This two-disc documentary set is being issued in commemoration of the 50th anniversary of The Impressions. Curtis Mayfield and The Impressions were every bit as important in the music scene of the 1960s and 70s as any musician or group of musicians you care to name.
Mayfield wasn’t the glitz and glamour of some of the black pop stars of the day; he was more the gritty reality as opposed to the strawberries and cream, more the philosopher than the jester, and that was his attraction. Mayfield was a pioneer inasmuch as his writing was the musical side of the civil rights story of the day, telling in music what the black political leaders were preaching at the podium. Between his own self-discipline and occasionally with the help of producer and arranger Johnny Pate, Mayfield rode a fine line, keeping his lyrics palatable to both whites and blacks nurturing at least acceptance from most of the US population. Mayfield was the musical persona of Dr Martin Luther King’s talks and speeches.
In addition to writing for his own group, The Impressions, Mayfield had scored hits for Major Lance, Brian Hyland, Jan Bradley, Gene Chandler, Walter Jackson, and the Five Stairsteps, whose music ranged from soul to pop to the 1960s version of funk. He released his first solo album in 1970. Additionally, he owned two record labels and was a partner in a third. He was a sharp businessman as well as a prolific writer.

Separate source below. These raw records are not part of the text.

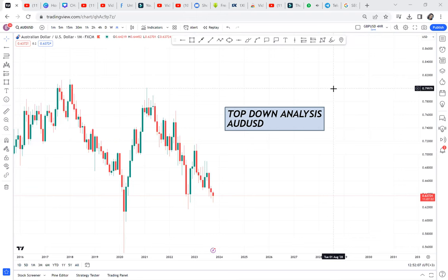Top-down analysis, and this time we are doing AUDUSD. So when you're doing top-down analysis, always go to the monthly timeframe. There's someone who requested I analyze AUDUSD, and this video is for you.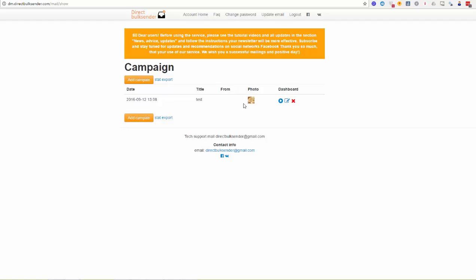As you can see, our Instagram Direct mass messaging service is very easy and you can create your first campaign very fast. We wish you all the best and thank you for being our customer. Thank you very much, and good luck!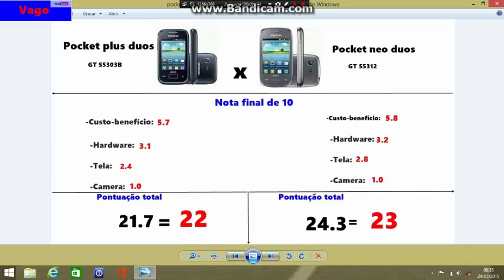Encerramos aqui a nossa análise. Nosso canal acha que vale mais a pena em custo-benefício o Pocket Neo, pela tela maior — só isso já nos faz considerar que ele é um bom aparelho. Ambos os aparelhos não possuem câmera frontal e nem o sensor de proximidade que apaga a tela quando você aproxima o aparelho do ouvido durante ligações. Esse sensor existe no Galaxy Pocket 2, que é uma versão inferior com áudio bem baixo. Nossa análise acaba por aqui. Se você gostou, se inscreva no canal e passe nos canais parceiros. Até a próxima!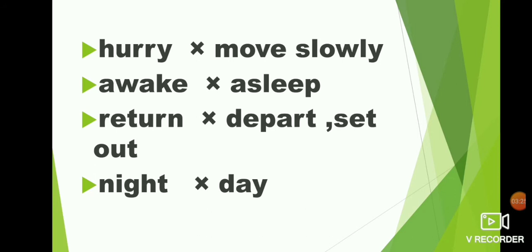Night, day. What is the opposite of night? Day. N-I-G-H-T night. D-A-Y day. Hurry, move slowly. Awake, asleep. Return, depart, or set out. Night, day.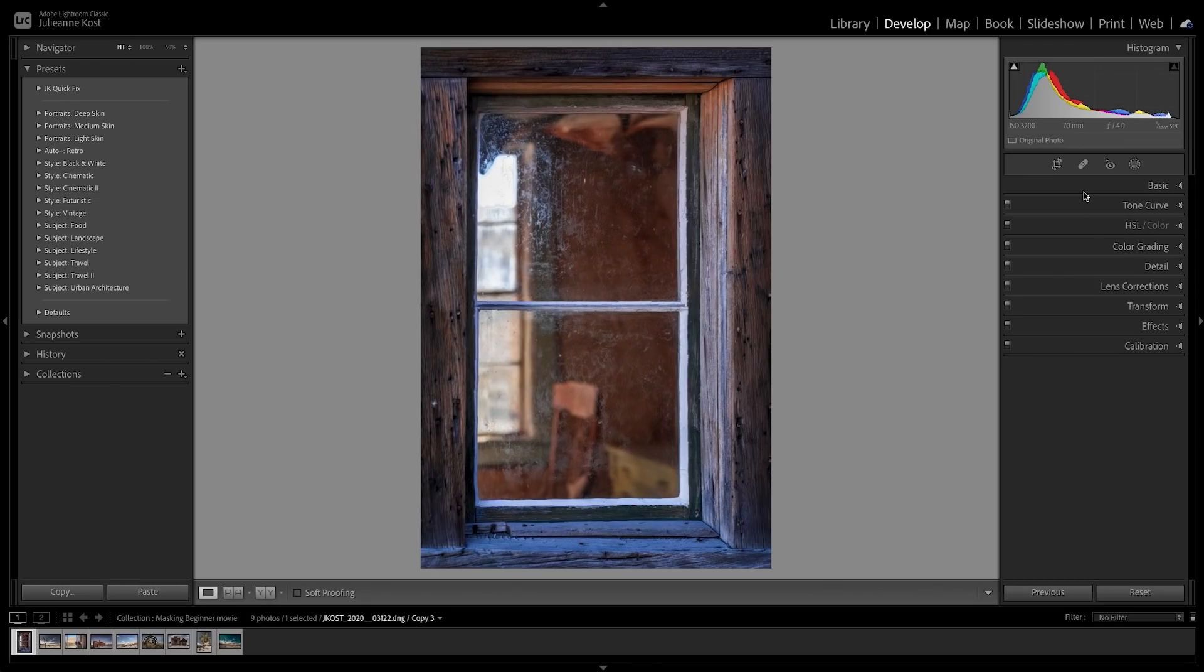Hi, I'm Julianne Kost. In the next few minutes we're going to get familiar with Lightroom Classic's new masking features.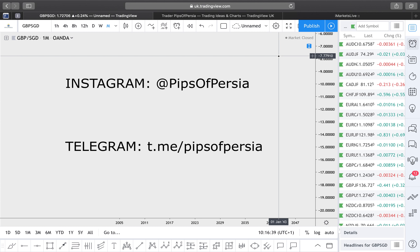Good morning, good afternoon, good evening traders — wherever you are in the world, I hope you're all well and enjoying your weekend. Pips of Persia here, coming to you with another weekly market outlook video preparing you for the trading week of 24th to 30th of June 2019. I do apologize for not recording weekly market outlook videos in the past couple of weeks, but I have been sending setups out on my Telegram and TradingView.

As far as many people were concerned, 1970-1973 was Mayfield’s zenith. That was the main course, they said, the years preceding and after were the starters and desserts. Solid, substantial “starters,” sure, and the same with the “desserts.” But the year 1972 saw the release of what many consider his best work, “Superfly.” Many consider it one of many masterpieces, including “Check Out Your Mind,” “If There’s a Hell Below …, “Keep On Keeping On,” “We Got To Have Peace,” “We The People …,” “Superfly,” “Freddie’s Dead,” and “Pusherman.” Not to short-shrift those that came before and after, but these were La crème de la crème. And the best part? Not only are they all on these discs, we even get to see two performances of “Freddie’s Dead.”